I am rather less sanguine here.  As Jacob Bronowski said of Leonardo
da Vinci: Leonardo wanted to fly *like a bird flies*, not
as a tourist class passenger on a commercial airplane.  I
see your #1 as largely a "treason of the clerks", and #2 as 
the outward and visible signs of the #1 inward and spiritual
grace.

> 
> Some people break this down into Art and Craft with the
> Commercial being Craft, which is the way I was taught it
> in the 1950s.

This position unfairly demeans craftspersons, from
the Japanese Living National Treasures to our own American
fine craftspersons.  *However*, I would not be surprised
if the denigration of craft vis-a-vis "art" was taught
in some schools which had art in their curriculum
at all.

[snip]
> What this all means Brad is that Art, the study of values in perceptual
> modalities has often been considered Universal in the past.  But the
> problem was in assigning non universal status to all of the Arts that didn't
> fit
> the structures of that which is assigned Universality.   It became and
> IMHO is still untenable.     Nothing is Universal.
[snip]

Nothing is universal?  Perhaps.  But, perhaps, to paraphrase Emmanual
Levinas:

    To be universal is to act as if one was universal.

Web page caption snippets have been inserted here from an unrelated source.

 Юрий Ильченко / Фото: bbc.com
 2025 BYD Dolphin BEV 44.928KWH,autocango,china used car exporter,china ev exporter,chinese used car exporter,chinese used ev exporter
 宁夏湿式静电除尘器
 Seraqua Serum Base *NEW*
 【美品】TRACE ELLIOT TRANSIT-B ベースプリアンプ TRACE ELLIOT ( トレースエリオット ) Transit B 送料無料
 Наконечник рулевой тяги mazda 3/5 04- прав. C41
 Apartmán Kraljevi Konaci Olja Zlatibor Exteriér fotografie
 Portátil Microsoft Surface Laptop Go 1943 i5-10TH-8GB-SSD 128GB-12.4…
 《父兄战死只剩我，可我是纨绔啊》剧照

[I have substituted: "universal" for Levinas's: "free".]  Of
course there are no guarantees, and, just as the Savior may be
the passerby now crossing the street in front of us (--Hermann
Broch, _The Sleepwalkers_), so too may the Leader of the Free World
be a secularized avatar of the Antichrist.  Obviously, to
curtail others' freedom [universality] in the name of one's
own, is not good, and what is good and what is not good do not come 
with [incontestable] labels affixed telling us which is 
which (how could they, if one aspect of the good is to
doubt everything?).  But I believe the distinction between
straightforward *belief*, and asking the question of all
beliefs: What is this an instance of? [which is a less
off-putting way to refer to Husserl's "transcendental
reduction"], is decisive for the issue of "universality".

> 
> Often the person that is an idiot in one situation is a leader in another.
> The only universal rule is, like Gunther Schuller pointed out, rules must
> have a structural integrity within the universe they inhabit.  If you assign
> Universality to a small segment of Western thought then you create the
> perfect atmosphere for conflict since only force can make the small
> push the large aside and inhabit the whole.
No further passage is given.